A última edição do Festival de Brasília, realizada em setembro, revelou a força do cinema produzido em Minas Gerais. Mais ainda: o talento da nova geração de diretoras mineiras ou radicadas no estado. O vencedor A cidade onde envelheço, que arrebatou quatro prêmios – longa-metragem, direção (Marília Rocha), atriz (Elisabete Francisca e Francisca Manuel) e ator coadjuvante (Wederson Neguinho) –, é o principal exemplo desse profícuo momento.
Luana Melgaço, de 37 anos, sócia da produtora Anavilhana em parceria com as diretoras Marília Rocha e Clarissa Campolina, acredita que a participação em Brasília foi muito importante, trazendo visibilidade para o trabalho feito em Minas. Três produções do estado que disputaram o Troféu Candango (A cidade onde envelheço, Solon e Estado itinerante) foram dirigidas, roteirizadas e protagonizadas por mulheres.
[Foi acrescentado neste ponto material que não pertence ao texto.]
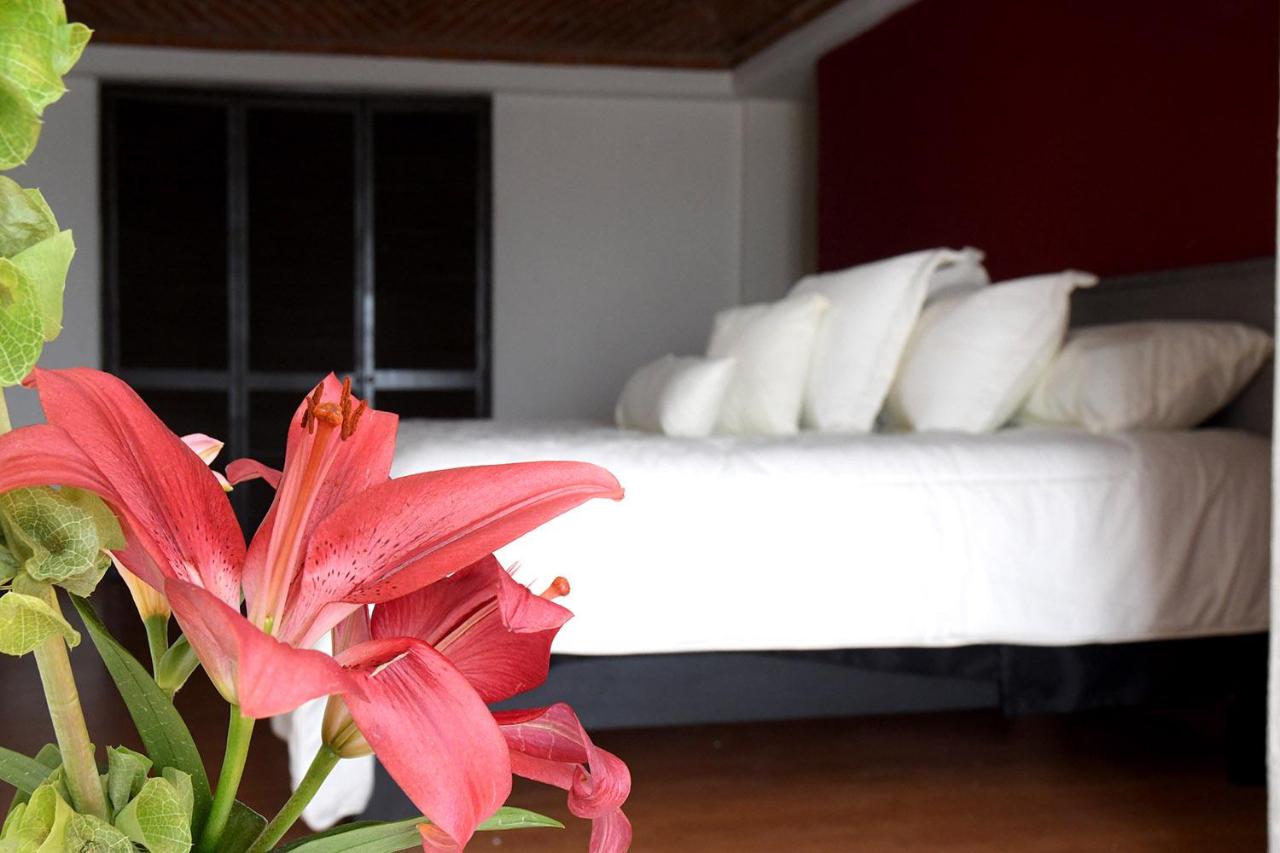 Habitación con cama extragrande y balcón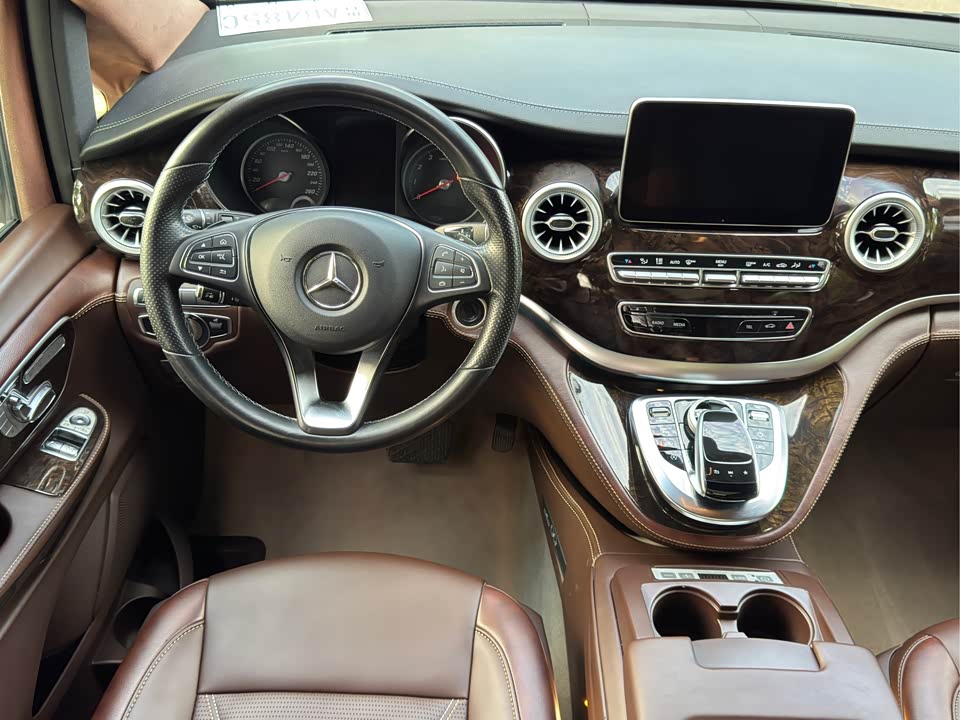 Mercedes-Benz V-class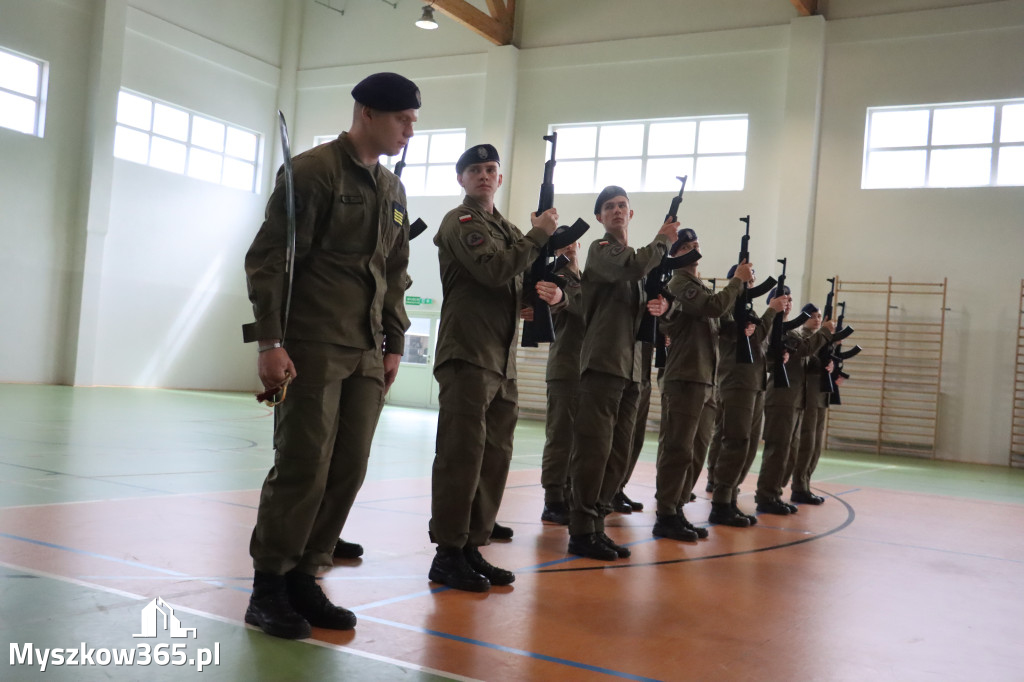 Fotorelacja: Pokaz Musztry Paradnej w wykonaniu uczniów Kwiatkowskiego w Myszkowie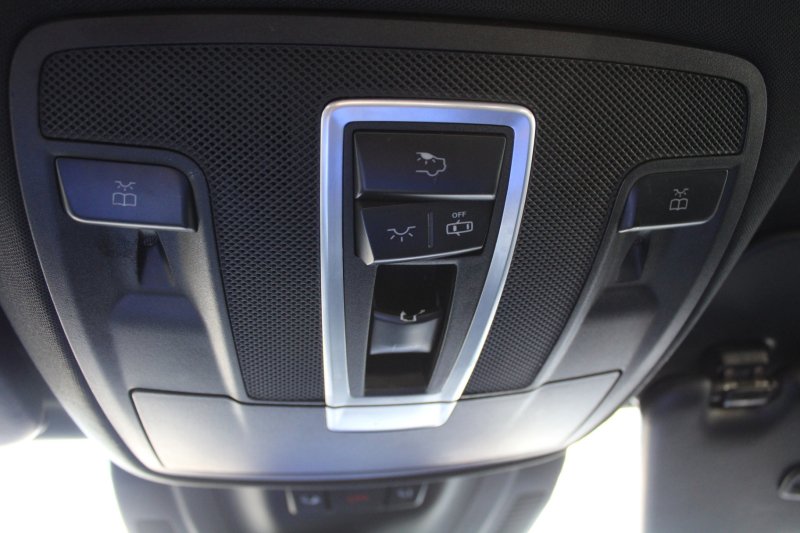 Used 2016 Mercedes-Benz GLE 350 w/ Premium Package image 14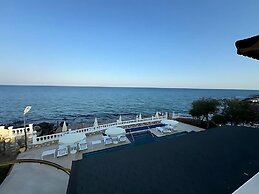 Otelox Ayaş Beach Bungalov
“É muito bom saber que diretoras, produtoras e roteiristas estão realizando seus primeiros curtas e longas e começando a se destacar”, comenta Luana. “Quando a mulher tem a oportunidade de escrever uma história a partir do seu universo, é possível desconstruir aquela imagem da sociedade baseada na razão, no olhar e no pensamento masculinos. É importante que nossa sociedade seja revista e histórias possam ser contadas também a partir da experiência das mulheres e de outros segmentos descartados e calados por essa sociedade patriarcal, branca, ocidental e machista”, defende.
Outra mineira premiada em Brasília foi Ana Carolina Soares, de 30 anos. Estado itinerante, seu primeiro curta-metragem, traz no elenco não-atores, com exceção da protagonista Lira Ribas. Ela faz o papel de Vivi, moradora da periferia de BH que passa por um período de experiência como cobradora de ônibus.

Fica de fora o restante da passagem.